PLANTIO DE ARROZ: ATIVIDADE DANOSA AO LAGO DE VIANA

 

Nas minhas pesquisas e estudos das águas vianenses, percebi e deflagrei muitos impactos socioambientais de vários tipos e magnitudes. Nos últimos anos tenho me preocupado, em especial, com o cultivo de arroz no lago de Viana, prática de extremo risco não somente para o ambiente lacustre como igualmente perigosa para a saúde pública, além de provocar o colapso da subsistência das comunidades mais carentes. É, portanto, na qualidade de professor-pesquisador, de cidadão vianense e de profissional comprometido com minha formação, que registro aqui este apelo: o plantio de arroz no lago precisa ser cessado o mais rápido possível ou, pelo menos, que não seja plantado neste ano de 2012. 

Com o objetivo de fundamentar tal apelo é que transcrevo a seguir, embora de forma sucinta, as conclusões das minhas pesquisas.

Laudo técnico-científico: Muito diferente e mesmo assim muito confundido com o arroz irrigado, o arroz de várzea consiste na lavragem dos solos das planícies de inundação de rios ou lagos de água-doce, que por sua natureza, concentram altos potenciais de nutrientes, renovados naturalmente pelos ciclos de cheias.

Embora a prática do cultivo de arroz nos lagos de reentrâncias da Baixada Maranhense se mostre bastante promissora para o aumento da produção agrícola e da promoção de novos postos de trabalhos temporários, esta atividade se faz tão danosa para o meio ambiente e tão ameaçadora para o bem-estar social, a ponto de superar os malefícios da pecuária bubalina ou de qualquer outra atividade.

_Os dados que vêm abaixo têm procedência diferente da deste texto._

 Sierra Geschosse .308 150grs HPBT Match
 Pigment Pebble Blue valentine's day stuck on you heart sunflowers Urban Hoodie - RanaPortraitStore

Sobre o cultivo de arroz de várzea na Baixada Maranhense, estudos efetivados por Fernandes e outros pesquisadores, publicados em 2007, afirmam que… provoca grandes danos ambientais, pois acelera o assoreamento de rios e lagos tendo impacto sobre diversas espécies da fauna e  da flora”. No sistema lacustre vianense essa atividade pode produzir efeitos mais drásticos ainda. Esta condição diferenciada se dá por conta de quatro fatores cruciais que caminham juntos:

1º) a proximidade das nossas águas-doces com o litoral: O que muitas pessoas não sabem é que Viana é um município costeiro. A influência marítima se dá fortemente em alguns povoados como Beira da Baixa, Guaratuba, Capim-Açú e outros. De forma mais branda, estes efeitos chegam pelos rios Pindaré e Maracu e trazem marés salobras para as adjacências de alguns povoados marginais aos cursos fluviais, como Cachoeira, Recanto e Santa Tereza. Isso acontece de maneira mais perceptível no período das secas, pela ação das marés que, encontrando um baixo nível de águas nos rios Pindaré, Maracu e lagos de Viana, trazem movimentos de fluxo e refluxo para estas águas.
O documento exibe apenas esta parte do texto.